Today we’re announcing the general availability of Icinga Web v2.7.6, v2.8.4 and v2.9.2. All are standard bugfix releases and include fixes found by the community since the latest releases.
You can find all issues related to this release on our Roadmap. Please make sure to also check the respective upgrading section in the documentation.
This release is accompanied by the minor releases v2.7.6 and v2.8.4 which include the fix for the flattened custom variables.
Pancakes everywhere
One of the security fixes included in v2.7.5, v2.8.3 and v2.9.0 went rampant and let you see similarities between custom variables and pancakes. These are gone now. Also, the login allowed some users to bake pancakes on their CPUs. However, we’d still recommend not to. What we do recommend, is to use graphical details to ease recognition. A pancake ? in performance data labels for example.

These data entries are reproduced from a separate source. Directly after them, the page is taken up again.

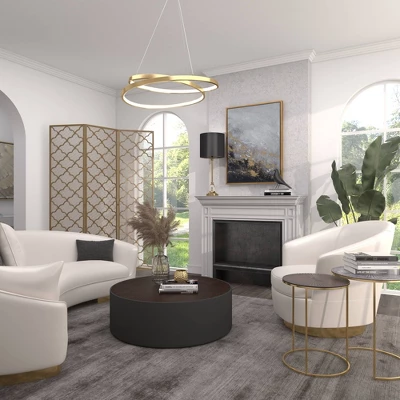 Modern Metal Filigree Room Divider Screen Gold - Olivia & May 14 Modern Metal Filigree Room Divider Screen Gold - Olivia & May - Image 12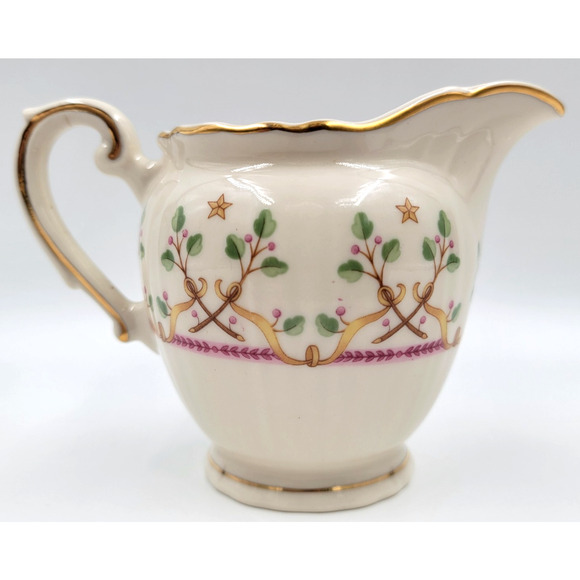 Syracuse Federal Shape Pendleton Creamer Bowl Gold Trim 1949 - 1966 USA - Picture 3 of 8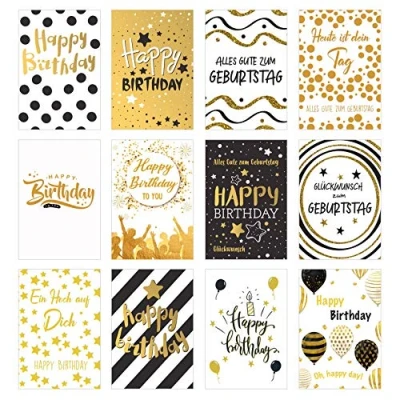 Abbildung von Edition Seidel Set 12 exklusive Geburtstagskarten mit Umschlag. Glückwunschkarte Grusskarte zum Geburtstag. Geburtstagskarte Karte Mann Frau (Doppelkarten/Klappkarten Briefumschlag)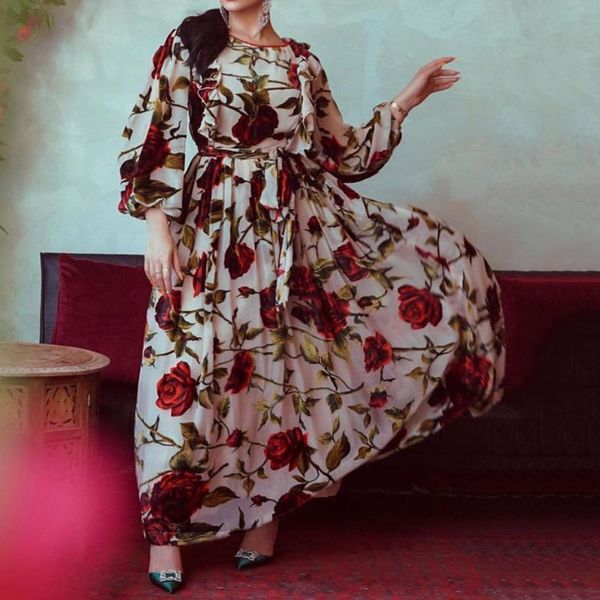 bohemia dress rose printing ruffle puff sleeve round neck draw back waistband spring autumn long skirt, Black;gray
bohemia dress rose printing ruffle puff sleeve round neck draw back waistband spring autumn long skirt, Black;gray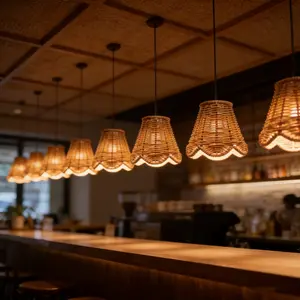 Bohemian Handwoven Lampshade, Vintage Hanging Light Fixture, Home Decor, Wall-Mounted Room Lighting, Rustic Charm, Textured Lampshade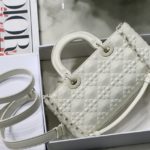 Christian Dior Lady D-Joy Bag White Macrocannage Technical Fabric, White, For Women Women's Handbags, 26cm CD M0540OTID_M933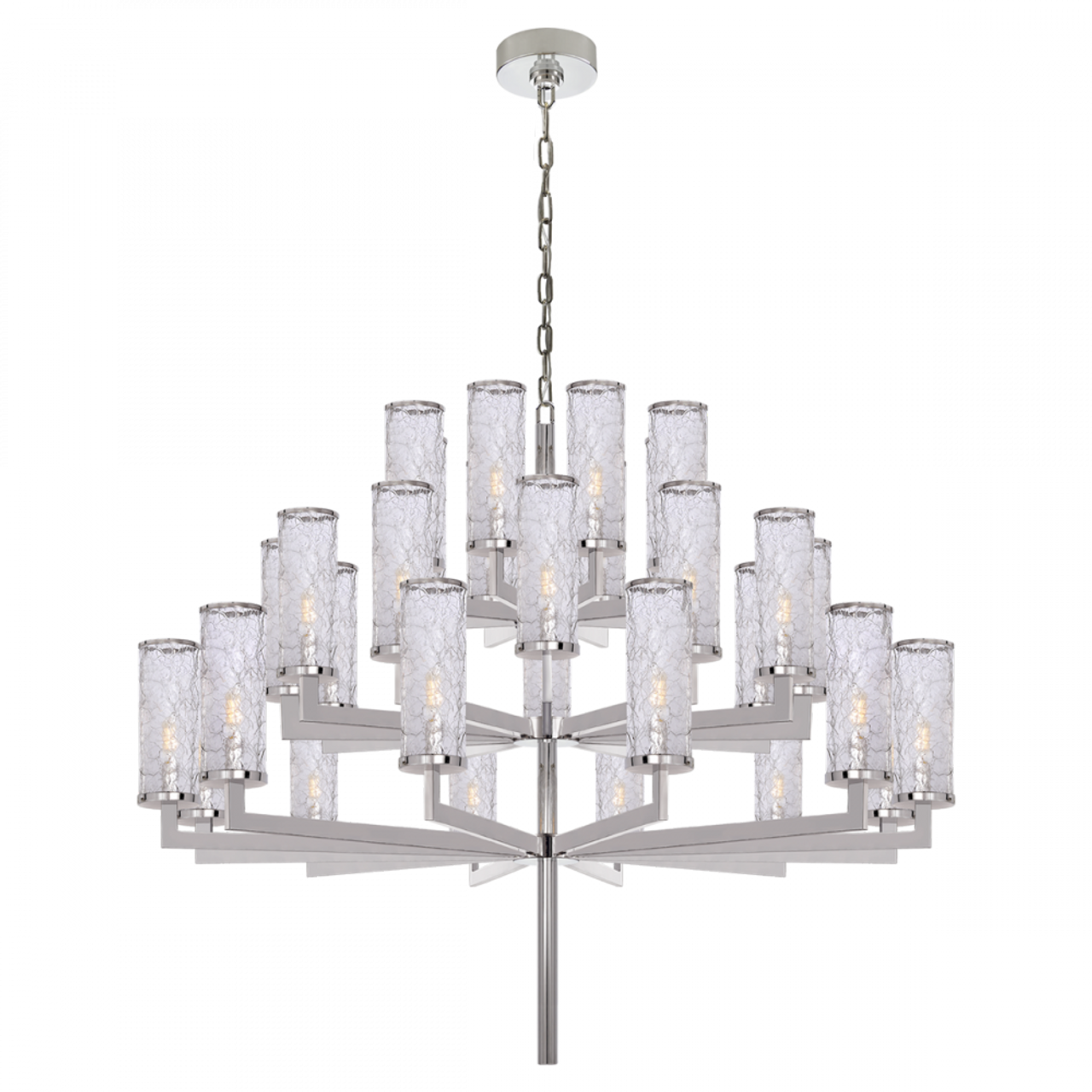 Liaison Chandelier, 32-Light, Polished Nickel, Crackle Glass, 47.5"W (KW 5202PN-CRG 2R5ZT)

- Nested custom variables are flattened #4439
- Disable login orb animation and all orbs for themes #4468
- SVG chart library doesn’t process input as UTF-8 #4462
Staying remembered too difficult
We all have sometimes difficulties remembering people we rarely meet. Especially obvious is this on those that slip through because they don’t do the same things we do. With v2.9.0 this has happened for PostgreSQL, PHP v5.6-v7.0 and setup wizard users. Now they get their deserved attention, and Icinga Web 2 will remember them just like all others.
- RememberMe not working with only PostgreSQL #4441
- RememberMe compatibility with php version 5.6+ #4472
- RememberMe fails after running the wizard for grants #4434
The alert administrators ready to upgrade ASAP yesterday may have noticed that there has already been a v2.9.1 release. Well, above I’ve joked about us and PostgreSQL and it couldn’t be more true. A fix in v2.9.1 wasn’t compatible with it again, and that’s why there’s a v2.9.2 now already.
Being picky pays off
A custom datetime picker was introduced with v2.9.0. It had it’s issues, but we didn’t anticipate that much headwind. After careful reconsideration, we chose to only show the custom datetime picker for Firefox and IE users. Other browsers have their own capable enough native implementation which, in Chrome’s case, may even be superior. If it is now used, it also closes automatically and doesn’t swallow unrelated key presses.